The deputy sheriff, according to a report by the Dillon County Sheriff’s Office made public yesterday, found that the driver was not carrying an operator’s license or a vehicle registration.
The driver and the passenger allegedly were unclear about one another’s names and contradicted one another in answering questions about their relationship and the origin of their trip, and by inquiring further, deputies said they learned that both men lied about their identities.
Using a drug-sniffing dog, deputies said they discovered four pounds of marijuana wrapped in a towel in a duffel bag inside the SUV.
In an unrelated slaying in South Providence, David Mello yesterday was arraigned in Rhode Island District Court and ordered held without bail on three charges in connection with the shooting death of Marc Quintal on Aug. 15.
Ramirez’s identity was confirmed by an examination of his fingerprints, according to Providence police Maj. Stephen Campbell. The traffic stop occurred July 17, but Ramirez’s apprehension was not disclosed by the Providence police until Thursday. It was not immediately clear if the delay was due to the time it took to confirm Ramirez’s identity.

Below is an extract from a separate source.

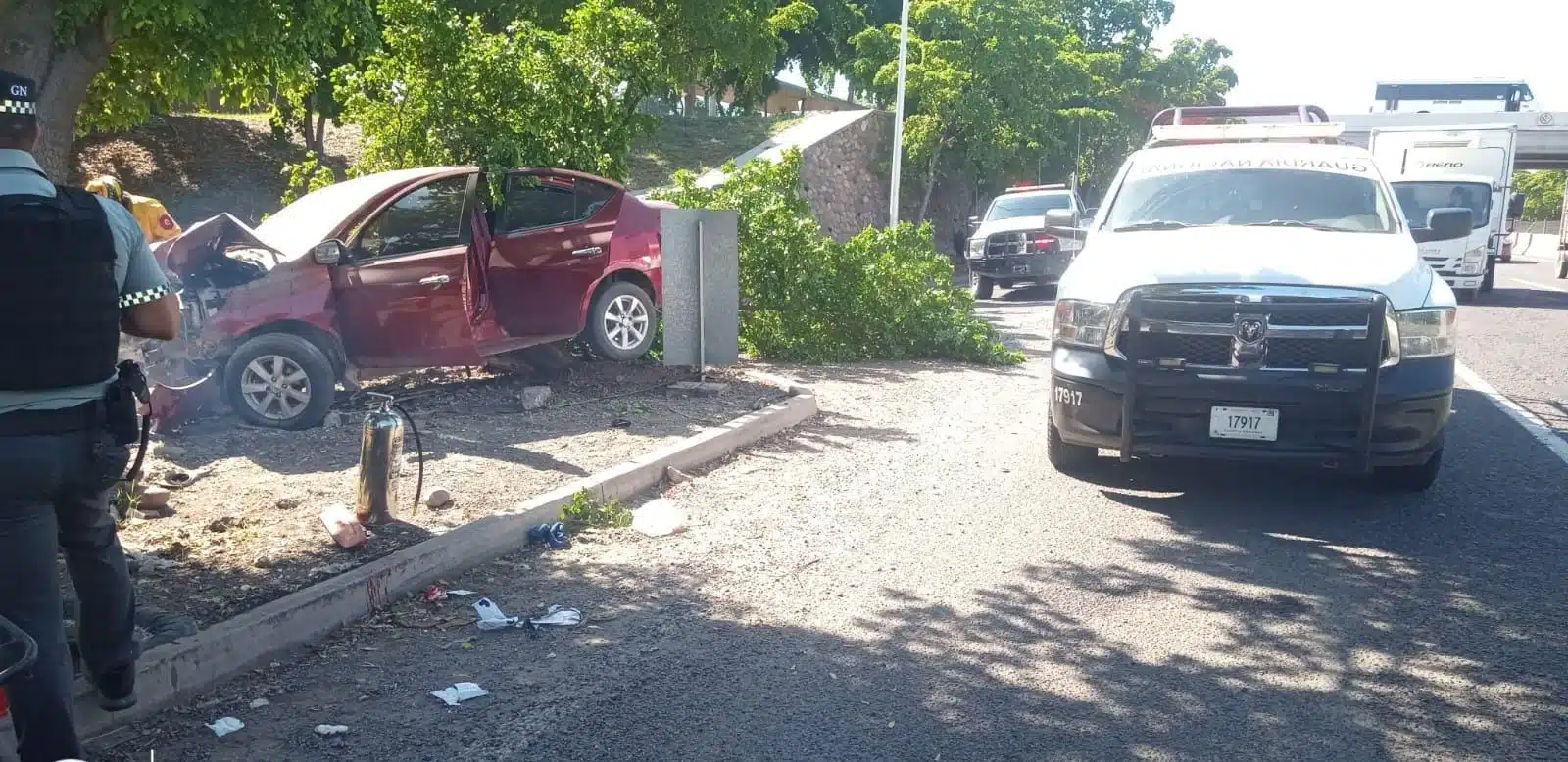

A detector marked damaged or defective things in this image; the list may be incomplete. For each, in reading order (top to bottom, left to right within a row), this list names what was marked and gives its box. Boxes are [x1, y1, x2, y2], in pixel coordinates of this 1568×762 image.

damaged red sedan [144, 167, 666, 427]
crumpled hood [1051, 225, 1443, 310]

The driver, who offered a Florida identification card saying that he was Luis Venecio Payano Jr., turned out to be Luis A. Ortiz, 23, of 21 Bellevue Ave., in the West End of Providence, according to the sheriff’s office. The passenger said he was Omar J. Rivera of Chad Brown Street, Providence, but he actually is Ramirez, whose last known address is 479 Potters Ave., in the Elmwood section, according to Rhode Island and South Carolina authorities.
The sheriff’s office seized the SUV and charged Ortiz with drug possession.
Ramirez is named in an arrest warrant accusing him of murder in the May 14 shooting death of an acquaintance, Aneuris Caceres, 21, of 135 Colfax St., South Providence, in what the police described as a senseless street argument.
In the more recent slaying of Quintal, a state prosecutor yesterday told Rhode Island District Court Judge Frank J. Cenerini that Quintal’s death was the result of a drug transaction that was arranged by Mello and David Rocha — who was not otherwise identified — at Fall River District Court on Aug. 13.
With Quintal driving, Rocha and two other men traveled to South Providence on Aug. 15 and, as directed by Mello in a cell-phone conversation, parked in the driveway of a house at Pearl and Hayward streets. Mello and Sylvester Moses, both 20, whose last known addresses were in Providence, then approached the car with drawn handguns in an alleged robbery attempt.
Mello had a small black revolver and Moses, a large semiautomatic pistol, witnesses said, and, according to the authorities, Quintal was shot in the back. A projectile consistent with a 22-caliber weapon was recovered.
Mello faces three felony charges: murder, first-degree robbery and using a firearm in the commission of a crime of violence. He entered no plea to the felonies, as is customary in District Court, and was ordered held without bail on those counts.
In addition, he is alleged to be a violator of the conditions of bail set by Superior Court on two counts of felony assault last year and a violator of the conditions of probation for a misdemeanor adjudicated in District Court.
He is scheduled for a bail hearing as well as hearings on the alleged violations of probation and the prior bail on Sept. 7.
Moses, who is named in an arrest warrant charging him with murder, remains at large.
Michael Gomes, 21, whose last known address is 7 Whelan Rd., in the Hartford Park housing project, was arraigned yesterday on a charge of assault with a dangerous weapon in connection with a stabbing in April. State and federal agents arrested Gomes when they arrested Mello in a North End tenement Thursday.
Cenerini set bail of $30,000 with surety for Gomes but ordered him held as an alleged violator of probation on a 2006 drug conviction, according to the police.